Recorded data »
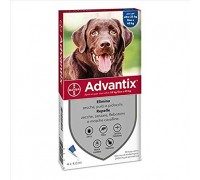 Bayer-Elanco Antiparassitario Advantix Spot-on per cani (oltre 25Kg fino a 40kg) conf.da 4 pipette € 6,10 cadauna 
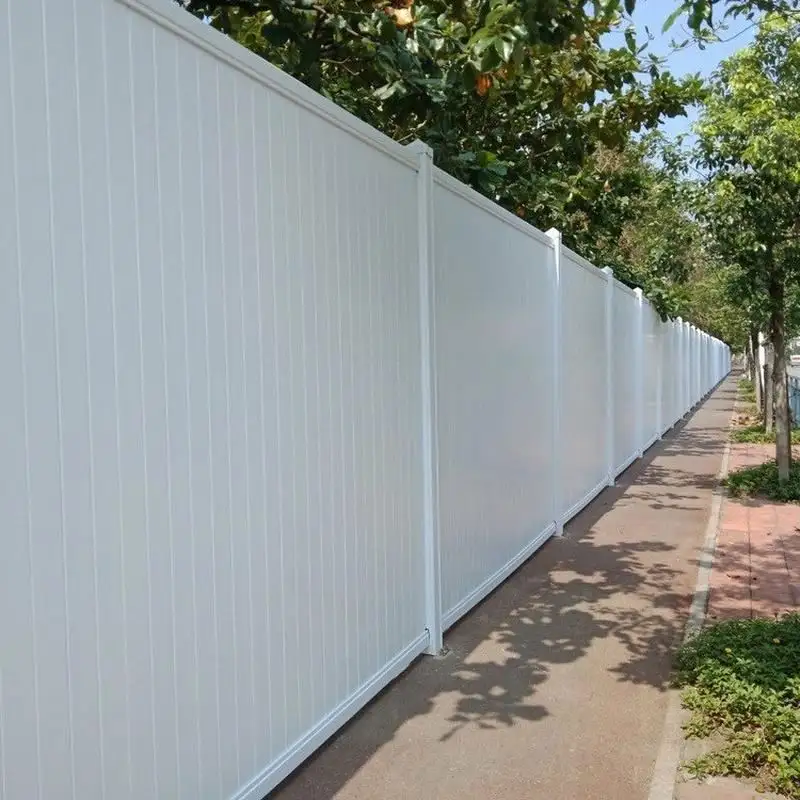 Factory 6Ft.H X6Ft.W Factory Direct Supply Various Colors Pvc Plastic Vinyl Fences Panels For Grden Privacy Fencing/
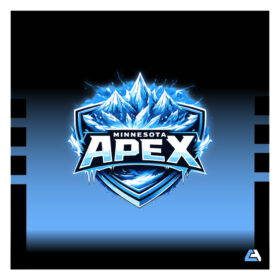 mn ice black embroidered flexfit hat (pts30)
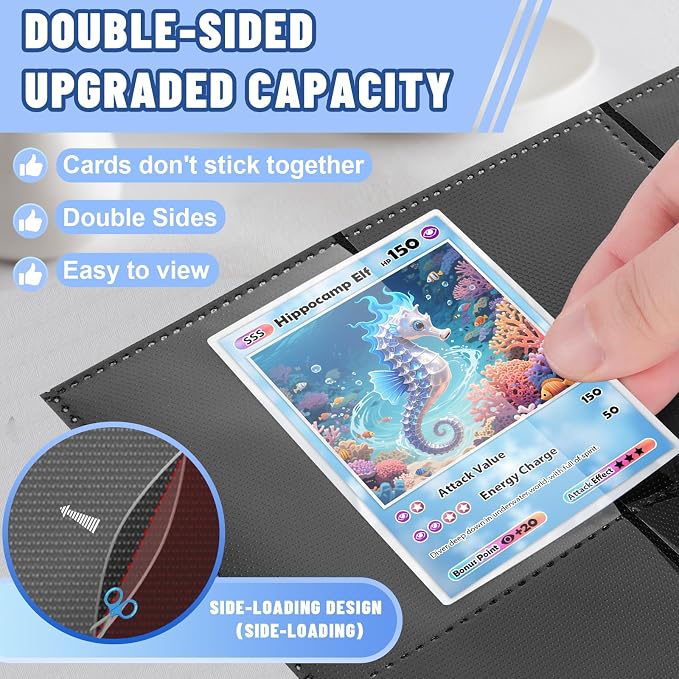 Trading Card Binder Sleeves, Baseball Holder Fit - Image 3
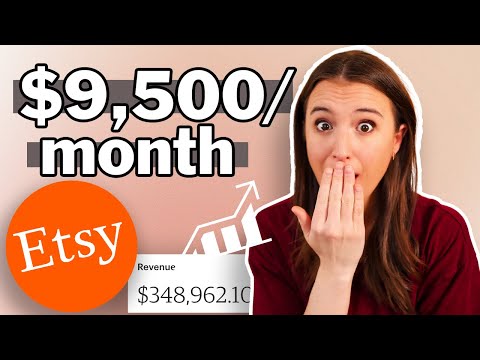 HOW I MAKE $9,500 PER MONTH ON ETSY 💰 | How to make money online | Work from home in 2022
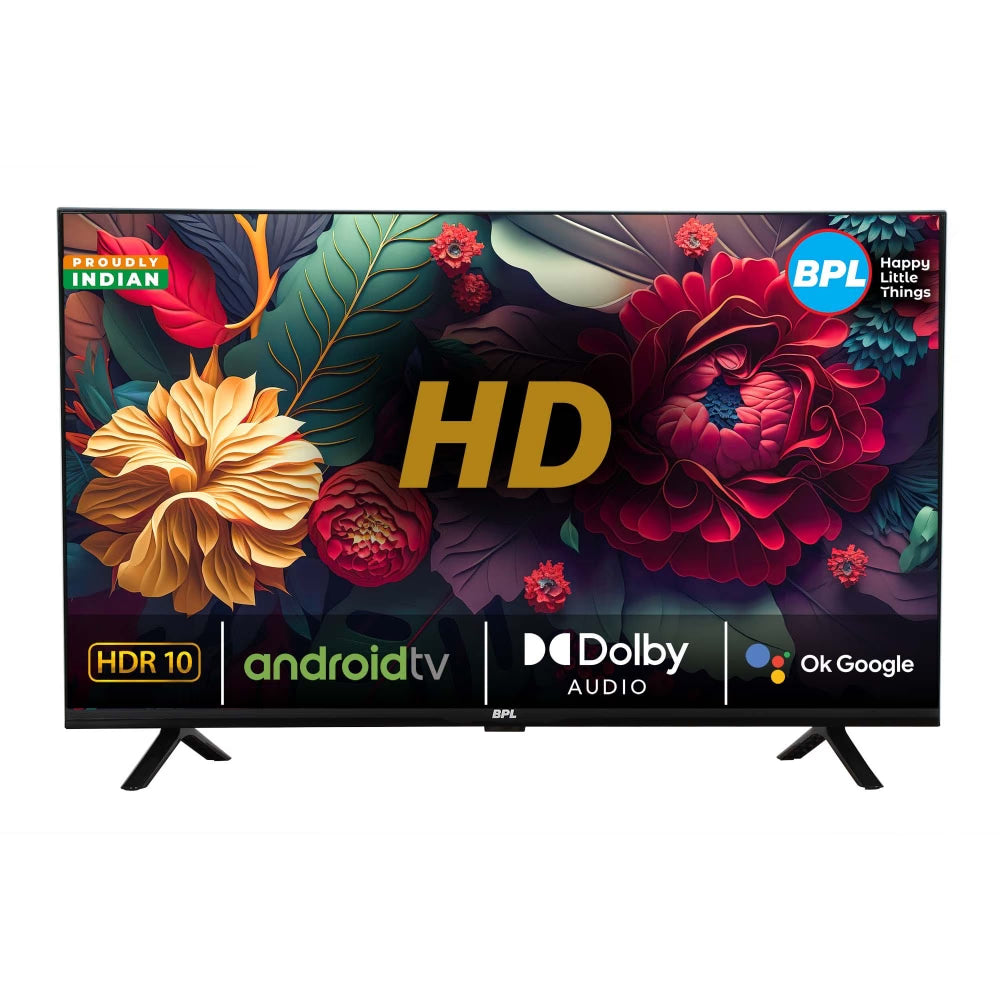 BPL 32H-D4301 32 Inch HD Ready Smart Android LED TV with Dolby Audio, Wi-Fi & Bezel-Less Design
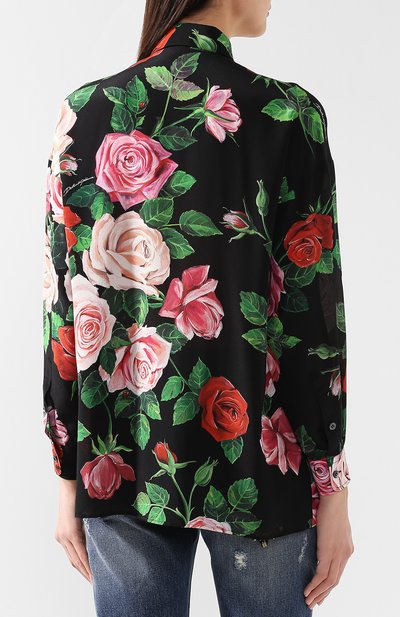 Шелковая рубашка DOLCE & GABBANA, арт. F5K06T/HS103, фото 4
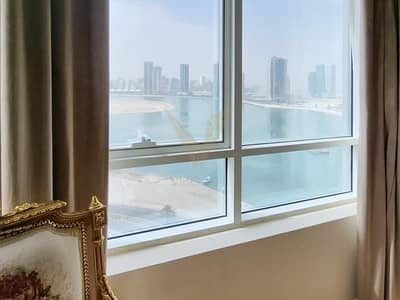 1 Bedroom Apartment for Rent in Al Khan, Sharjah - Rent includes Internet | Pay Monthly | Lake View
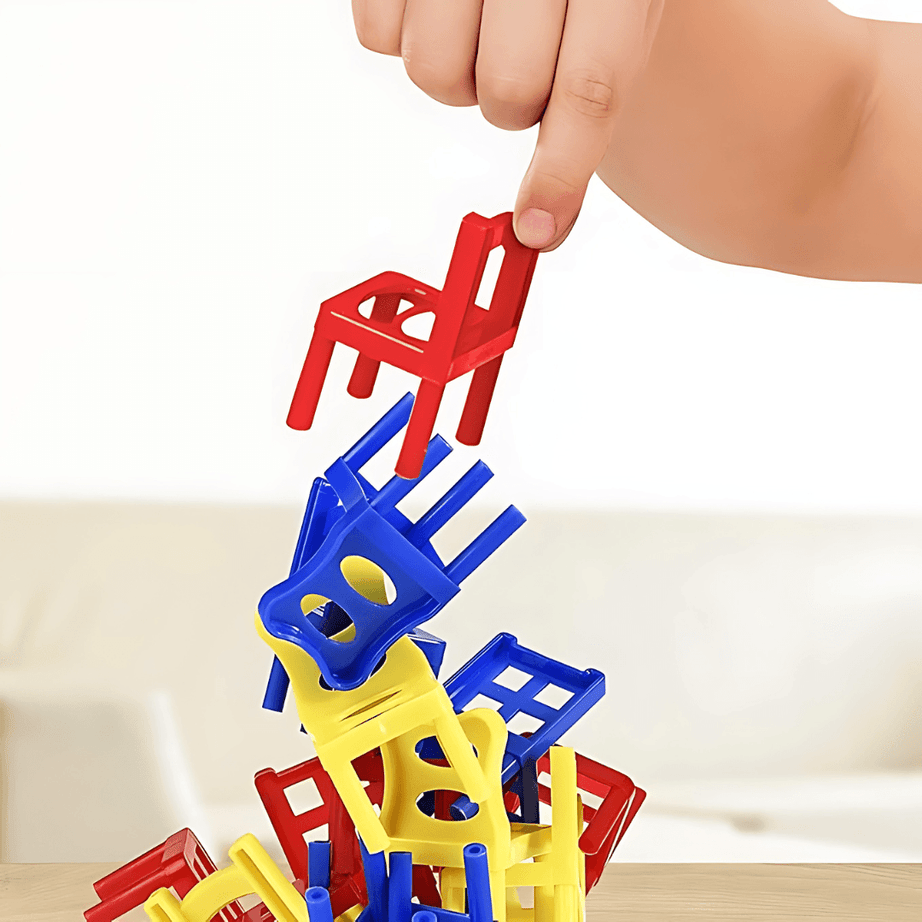 Chairs Tower | Stacking Chair Games - 36 Chairs - Kids Bestie
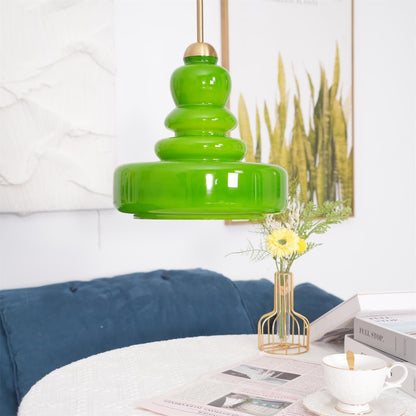 Glazen Hanglamp Industrieel Design Amber & Beige Schoolhouse E26/E27 Fitting Ø30cm voor Woonkamer Keuken Eetkamer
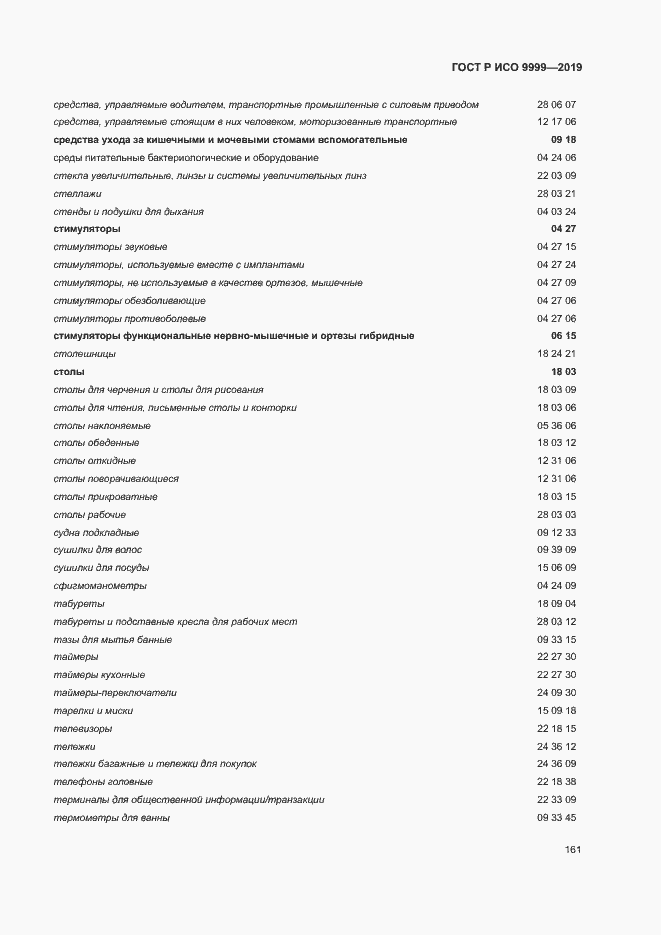 Страница 166 ГОСТ Р ИСО 9999-2019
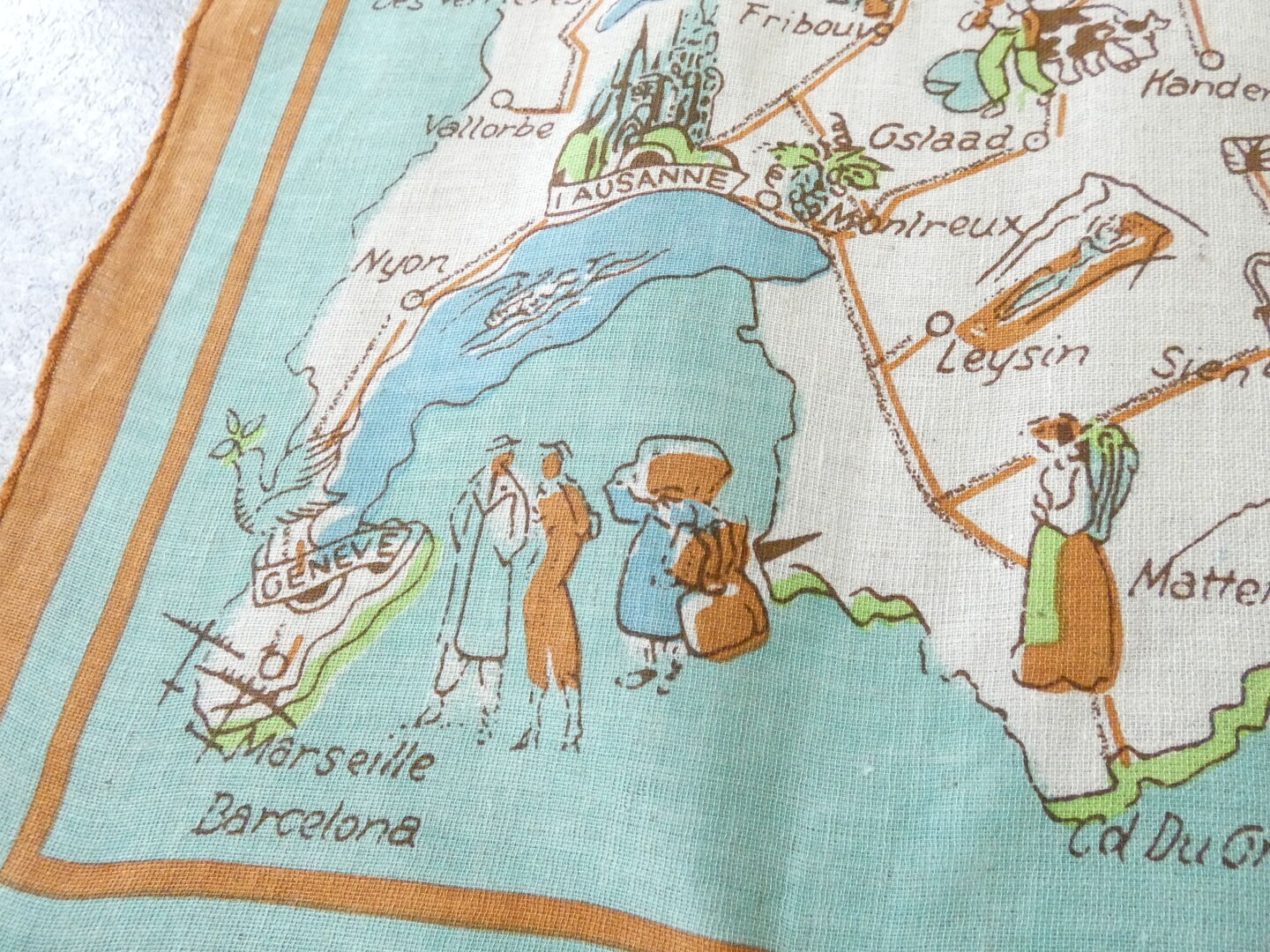 快晴堂(かいせいどう) バンダナ/スイス・Map柄の商品画像25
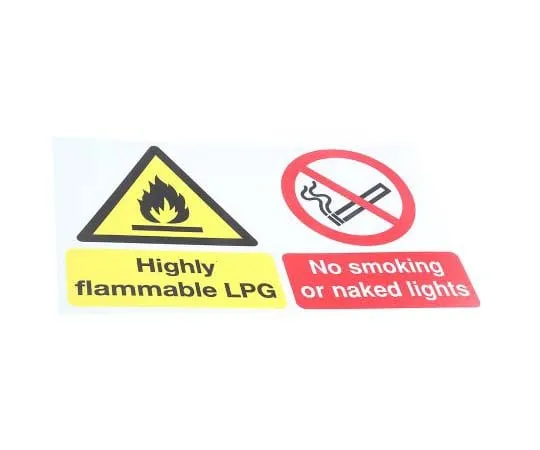 63-7815-69　RS PRO 1 x Fire Safety Sign (English), Black/Red/White/Yellow PP　763-1715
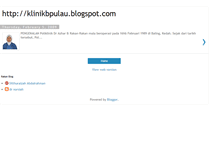 Tablet Screenshot of klinikbpulau.blogspot.com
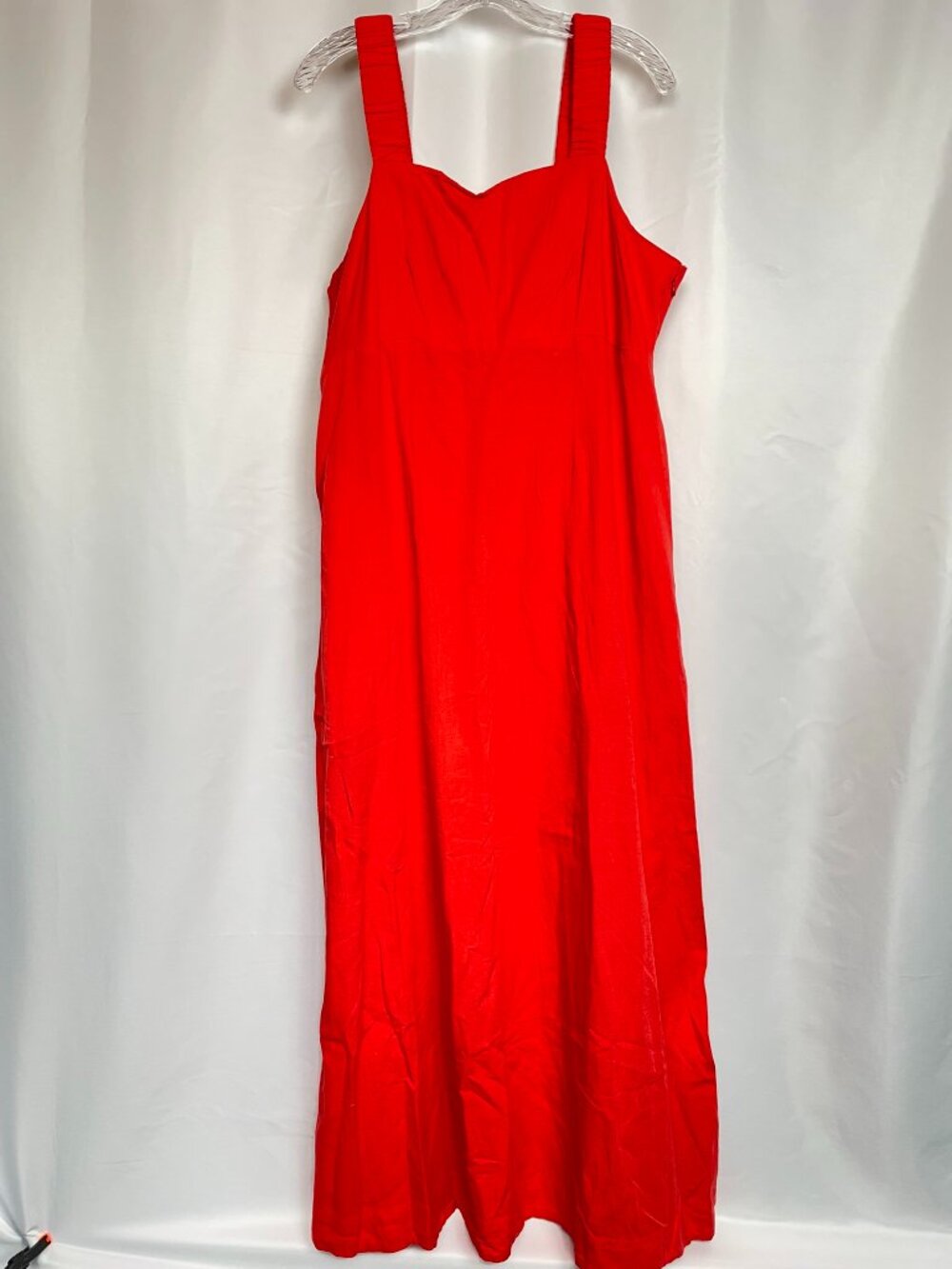 Red Maxi Dress with Wide Straps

What needs to be done » Set down each of the records precisely, leaving any pictures behind.

Written response »
 Bayer-Elanco Antiparassitario Advantix Spot-on per cani (oltre 25Kg fino a 40kg) conf.da 4 pipette € 6,10 cadauna 
 Factory 6Ft.H X6Ft.W Factory Direct Supply Various Colors Pvc Plastic Vinyl Fences Panels For Grden Privacy Fencing/
 mn ice black embroidered flexfit hat (pts30)
 Trading Card Binder Sleeves, Baseball Holder Fit - Image 3
 HOW I MAKE $9,500 PER MONTH ON ETSY 💰 | How to make money online | Work from home in 2022
 BPL 32H-D4301 32 Inch HD Ready Smart Android LED TV with Dolby Audio, Wi-Fi & Bezel-Less Design
 Шелковая рубашка DOLCE & GABBANA, арт. F5K06T/HS103, фото 4
 1 Bedroom Apartment for Rent in Al Khan, Sharjah - Rent includes Internet | Pay Monthly | Lake View
 Chairs Tower | Stacking Chair Games - 36 Chairs - Kids Bestie
 Glazen Hanglamp Industrieel Design Amber & Beige Schoolhouse E26/E27 Fitting Ø30cm voor Woonkamer Keuken Eetkamer
 Страница 166 ГОСТ Р ИСО 9999-2019
 快晴堂(かいせいどう) バンダナ/スイス・Map柄の商品画像25
 63-7815-69　RS PRO 1 x Fire Safety Sign (English), Black/Red/White/Yellow PP　763-1715
 Tablet Screenshot of klinikbpulau.blogspot.com
 Red Maxi Dress with Wide Straps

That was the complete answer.